Il était l’un des militaires négro-mauritaniens expulsés de la Mauritanie en pleine crise sociopolitique de 1989. Installé en banlieue dakaroise après des nuits blanches à Helbir dans la région d’Aleg en Mauritanie, Birame Diallo refuse de retourner sur les traces de ses ancêtres, malgré l’assurance des nouvelles autorités.
Le salon est assez grand et on y trouve deux fauteuils pliants, un sofa, le poste téléviseur et un ventilateur soigneusement disposés. Une photo accrochée au mur renseigne suffisamment sur son métier de militaire. Mais l’uniforme n’est pas semblable à celui des soldats sénégalais. Birame Diallo est en effet de l’armée mauritanienne et y est resté pendant dix ans. Il y a eu des problèmes de racisme vers 1986 faisant que les militaires noirs étaient constamment renvoyés de l’armée.
Comme prétexte, on évoquait souvent la limite d’âge. En vérité, la présence des militaires noirs qui ont intégré les services de l’État lors de la guerre du Sahara dérangeait le nouveau régime. « On nous a poussés vers la sortie, en coupant, entre autres, primes de service et empêchant toute promotion des Noirs », raconte avec une vigueur apparente Birame Diallo, alité depuis plusieurs semaines selon un de ses enfants.
En 1989, « j’ai été chassé de mon propre village », poursuit-il, « et amené de force de l’autre côté de la rive ». Au chômage, Birame Diallo a fait des petits boulots, tenté d’accrocher à nouveau la réussite mais son corps n’a pas résisté au choc. Aujourd’hui et plus que jamais, la force manque cruellement au soldat Diallo dont la couleur de la peau fait de lui persona non grata en Mauritanie, comme quelque 70 000 d’autres personnes.
« Ils sont tous racistes »
Chaque 9 avril est un jour de recueillement pour monsieur Diallo qui dit revoir toujours les premières tensions entre autochtones mauritaniens, puis du sang qui gicle et envahit les rues, ou encore les cellules remplies de Mauritaniens de couleur dont le destin est scellé et voué à la perdition sur place.
Il est arrivé à Dakar en 2000, en « bonne santé », passant d’un job à un autre pour assumer les charges familiales. Au fil des ans, la santé de l’ancien homme de tenue mauritanien s’est effritée, le rendant, sous le faix de l’âge, plus amorphe que jamais. En 2006, Birame Diallo raconte qu’il est tombé malade et a dû subir une chirurgie cardiaque avec le soutien du Haut-Commissariat pour les Réfugiés, l’agence onusienne qui lui avait d’ailleurs payé ses premiers mois de loyer au Sénégal.

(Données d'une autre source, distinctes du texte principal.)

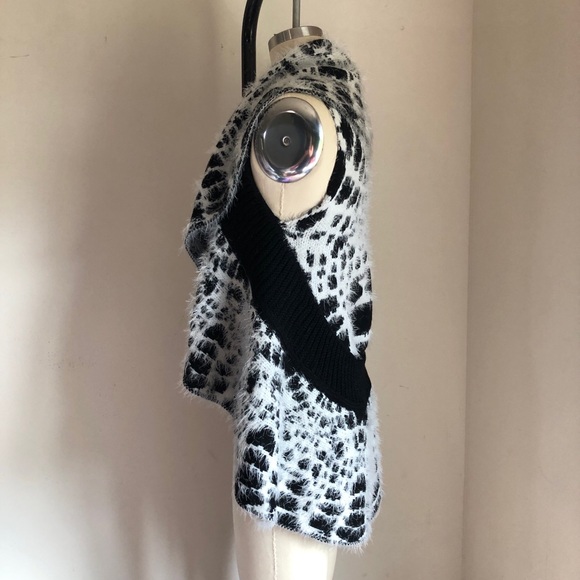 NWT Liquid Sweater Vest Cardigan Sioni - Picture 2 of 4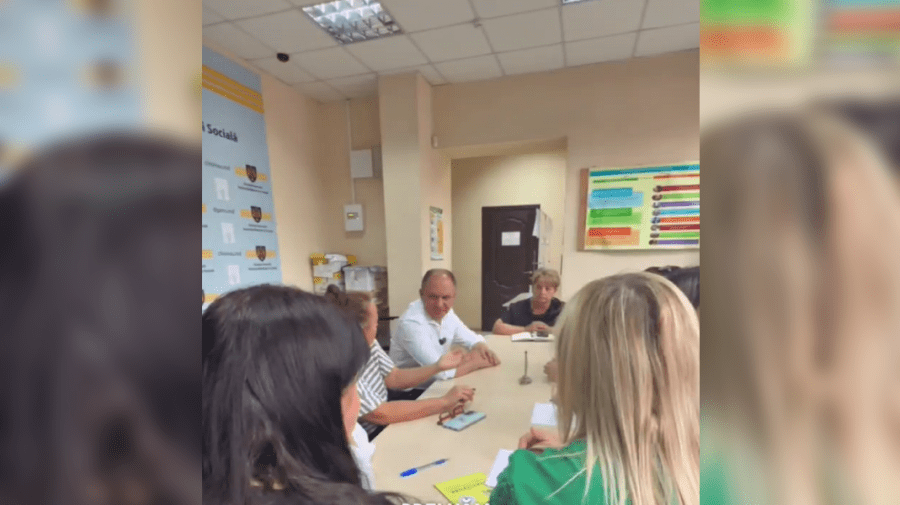 Ion Ceban a discutat cu asistenții sociali problemele sărăciei din Moldova: Bătrânii își iau 6 cartofi pentru trei zile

« Les évènements de 1989 étaient une stratégie bien réfléchie pour déporter les Négro-mauritaniens », commente Demba Sane, coordonnateur des réfugiés mauritaniens du département de Diourbel à l’Est de Dakar, la capitale sénégalaise. A l’époque, il n’avait que sept ans mais il se souvient des évènements comme si c’était hier. « J’étais à l’école avec mes sœurs », raconte-t-il, « quand on a appris qu’on chassait les Sénégalais. Finalement, ce n’était pas seulement les Sénégalais. C’est devenu une affaire ethnique. Ils disaient tout simplement que les peulhs étaient sénégalais et mon père, qui était berger, et nous avons été forcés de plier bagages. Beaucoup sont retournés au pays bien des années après mais n’étaient ni réfugiés ni Mauritaniens ».
« Les rapatriés ont été inscrits sur des registres nationaux et chaque famille s’est vu attribuer une parcelle et quelques vivres », explique Thierno Sow, Négro-mauritanien installé à Podor dans le nord du Sénégal. Mais Birame Diallo refuse de faire le chemin du retour, trente ans après le massacre qu’il a vu se dérouler sous ses yeux. « Ils sont tous racistes », lâche l’ancien officier de l’armée qui espère un jour toucher du bois malgré ses vieux jours.
« Mon premier enfant a été tué lors des évènements », poursuit-il d’une voix faible, « il avait 14 ans, était parti alimenter le bétail et n’est plus jamais revenu ». Dans ses yeux dont le blanc n’est plus aussi éclatant que ses barbes soigneusement peignées, on sent en revanche une sorte de résilience, cette envie de continuer à vivre, entouré de ses femmes et petits enfants, malgré l’espoir qui s’amenuise.